Usually we use a tool like Boost Spirit Qi to retrieve information from a source file. However, in some situations (like building a syntax highlighter) that is not enough and we also need some meta data about the information. This short article will describe a convenient way to get additionally the position of respective data points.

Boost Spirit Qi offers the qi::iter_pos parser which provides access to the underlying iterator. The iterator itself doesn't provide the position directly but we can calculate it. To do this, we need to know the respective starting point of the input.

We could store the starting point next to the parser but that would increase the effort of using this parser, since we need to set it each time before parsing. The better solution is to embed this data into a parser component, so the reference point can be set by the parser. We provide a small encapsulation:

template<typename Iterator>
struct CurrentPos {
  CurrentPos() {
    save_start_pos = qi::omit[boost::spirit::repository::qi::iter_pos[
            phx::bind(&CurrentPos::setStartPos, this, qi::_1)]];
    current_pos = boost::spirit::repository::qi::iter_pos[
            qi::_val = phx::bind(&CurrentPos::getCurrentPos, this, qi::_1)];
  }

  qi::rule<Iterator> save_start_pos;
  qi::rule<Iterator, std::size_t()> current_pos;

private:
  void setStartPos(const Iterator &iterator) {
    start_pos_ = iterator;
  }

  std::size_t getCurrentPos(const Iterator &iterator) {
    return std::distance(start_pos_, iterator);
  }

  Iterator start_pos_;
};

This component provides two parsing rules:

  • save_start_pos: Needs to be called at the beginning of the parsing to store the reference position. It does not provide any attributes.
  • current_pos: Will be called each time we want to get the current position of the parser, which it provides by a ''std::size_t'' attribute.
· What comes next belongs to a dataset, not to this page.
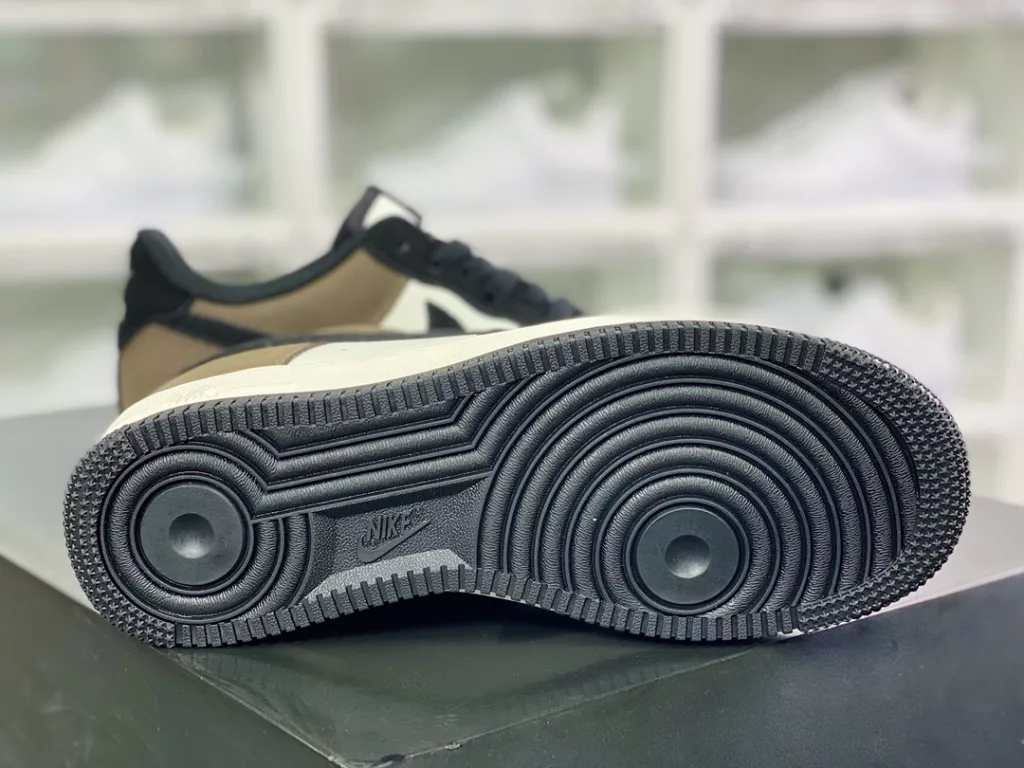 Nike Air Force 1'07 Low Leather Nike Air Force 1'07 Low Leather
This method works well for source code. However, as soon as you need to process Unicode files and expect additional symbols the position will be wrong. Some Unicode symbols take more then one character in UTF-8 encoding and the underlying iterator doesn't know about that so std::distance doesn't give the desired result. This article describes how to fix that.

Usage

To demonstrate this component in action, we want to parse words, which we parse as connected chars for simplicity, and store the position next to them. The data type is just a tuple in our case:

typedef std::tuple<std::size_t, std::string> word_t;

This leads to the following two rules:

qi::rule<iterator_type, std::string(), qi::space_type> string = 
    qi::lexeme[+(qi::char_ - qi::space)];

qi::rule<iterator_type, word_t(), qi::space_type> word = 
    current_pos.current_pos >> string;

Of course it is essential to call save_start_pos at the beginning of the parsing. So, we just add it to the start rule:

qi::rule<iterator_type, std::vector<word_t>(), qi::space_type> start = 
    current_pos.save_start_pos >> *(word);

Complete example

Here is the full example to play:

#define BOOST_SPIRIT_USE_PHOENIX_V3
#define BOOST_SPIRIT_UNICODE

#include <boost/fusion/adapted/std_tuple.hpp>

#include <boost/spirit/include/phoenix.hpp>
namespace phx = boost::phoenix;

#include <boost/spirit/include/qi.hpp>
#include <boost/spirit/repository/include/qi_iter_pos.hpp>
namespace qi = boost::spirit::qi;

#include <iostream>
#include <string>
#include <tuple>

//======================================================================
template<typename Iterator>
struct CurrentPos {
  CurrentPos() {
    save_start_pos = qi::omit[boost::spirit::repository::qi::iter_pos[
            phx::bind(&CurrentPos::setStartPos, this, qi::_1)]];
    current_pos = boost::spirit::repository::qi::iter_pos[
            qi::_val = phx::bind(&CurrentPos::getCurrentPos, this, qi::_1)];
  }

  qi::rule<Iterator> save_start_pos;
  qi::rule<Iterator, std::size_t()> current_pos;

private:
  void setStartPos(const Iterator &iterator) {
    start_pos_ = iterator;
  }

  std::size_t getCurrentPos(const Iterator &iterator) {
    return std::distance(start_pos_, iterator);
  }

  Iterator start_pos_;
};

//======================================================================
int main() {
  std::string input("Hello world!");

  typedef std::string::const_iterator iterator_type;

  iterator_type first(input.begin()), last(input.end());

  typedef std::tuple<std::size_t, std::string> word_t;

  CurrentPos<iterator_type> current_pos;

  qi::rule<iterator_type, std::string(), qi::space_type> string = 
      qi::lexeme[+(qi::char_ - qi::space)];

  qi::rule<iterator_type, word_t(), qi::space_type> word = 
      current_pos.current_pos >> string;

  qi::rule<iterator_type, std::vector<word_t>(), qi::space_type> start = 
      current_pos.save_start_pos >> *(word);

  std::vector<word_t> data;
  bool result = qi::phrase_parse(first, last, start, qi::space, data);
  if (result) {
    result = first == last;
  }

  if (result) {
    for (const auto &e : data) {
      std::cout << "Position: " << std::get<0>(e) << std::endl 
                << "Word:     " << std::get<1>(e) << std::endl;
    }
  } else {
    std::cout << "Failure" << std::endl;
  }
}

Output:

Position: 0
Word:     Hello
Position: 6
Word:     world!